**Your task:** In the listing that follows, the range to quote begins at the line that has "Dalle de plafond" and ends after the line that has "Thornproof Tattersall Tweed"; quote it verbatim and add nothing.

**Records:**
++++++++

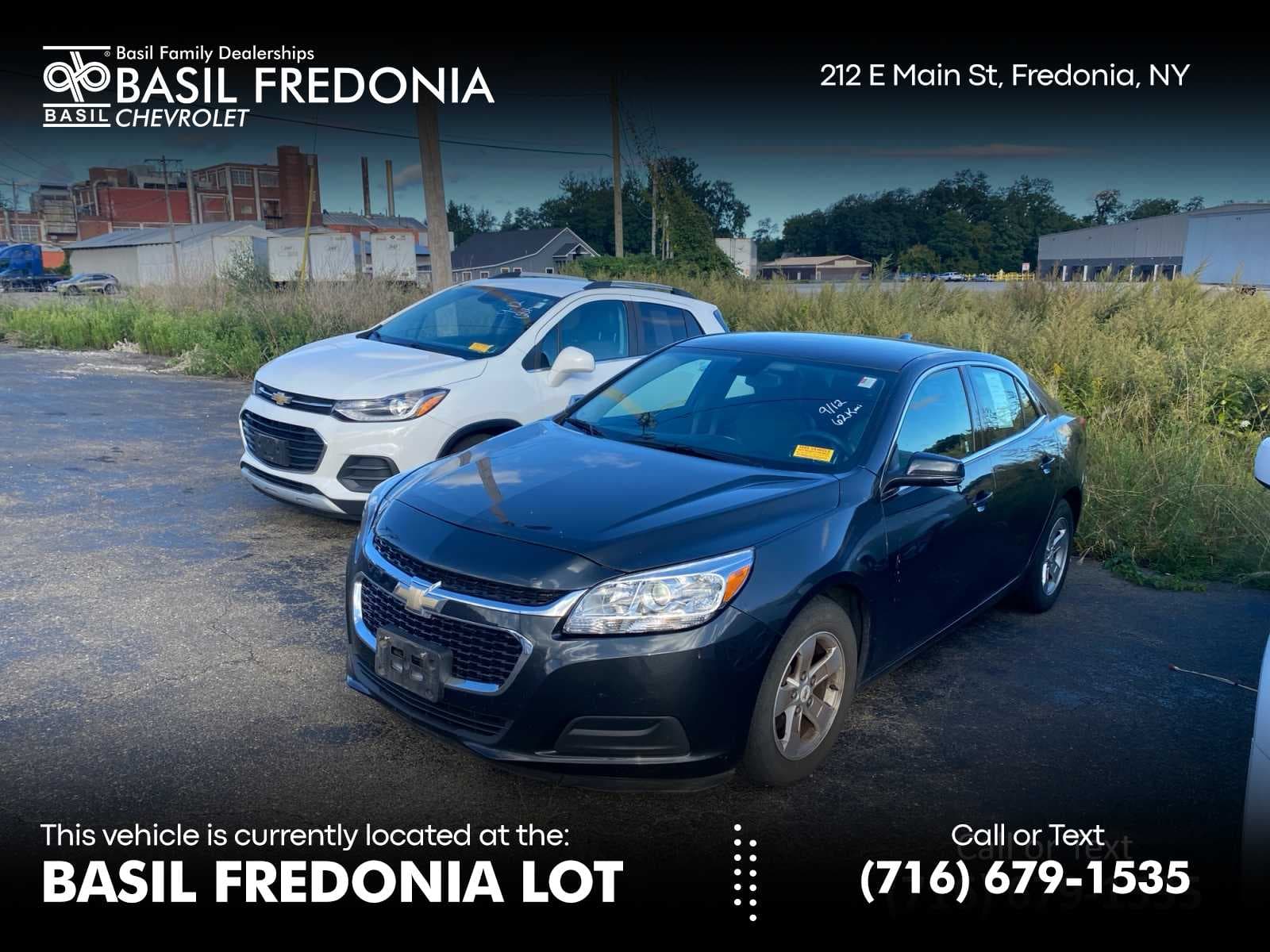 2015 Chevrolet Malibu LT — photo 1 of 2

++++++++

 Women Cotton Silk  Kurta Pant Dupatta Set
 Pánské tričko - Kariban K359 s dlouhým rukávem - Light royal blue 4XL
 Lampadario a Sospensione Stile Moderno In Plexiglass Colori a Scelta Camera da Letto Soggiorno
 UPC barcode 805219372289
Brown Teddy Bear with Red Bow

++++++++

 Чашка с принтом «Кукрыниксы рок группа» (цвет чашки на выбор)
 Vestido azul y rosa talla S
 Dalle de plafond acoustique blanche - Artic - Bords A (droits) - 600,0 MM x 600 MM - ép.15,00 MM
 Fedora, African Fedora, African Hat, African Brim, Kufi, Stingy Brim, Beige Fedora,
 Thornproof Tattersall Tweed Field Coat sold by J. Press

++++++++

**Completed task:**
 Dalle de plafond acoustique blanche - Artic - Bords A (droits) - 600,0 MM x 600 MM - ép.15,00 MM
 Fedora, African Fedora, African Hat, African Brim, Kufi, Stingy Brim, Beige Fedora,
 Thornproof Tattersall Tweed Field Coat sold by J. Press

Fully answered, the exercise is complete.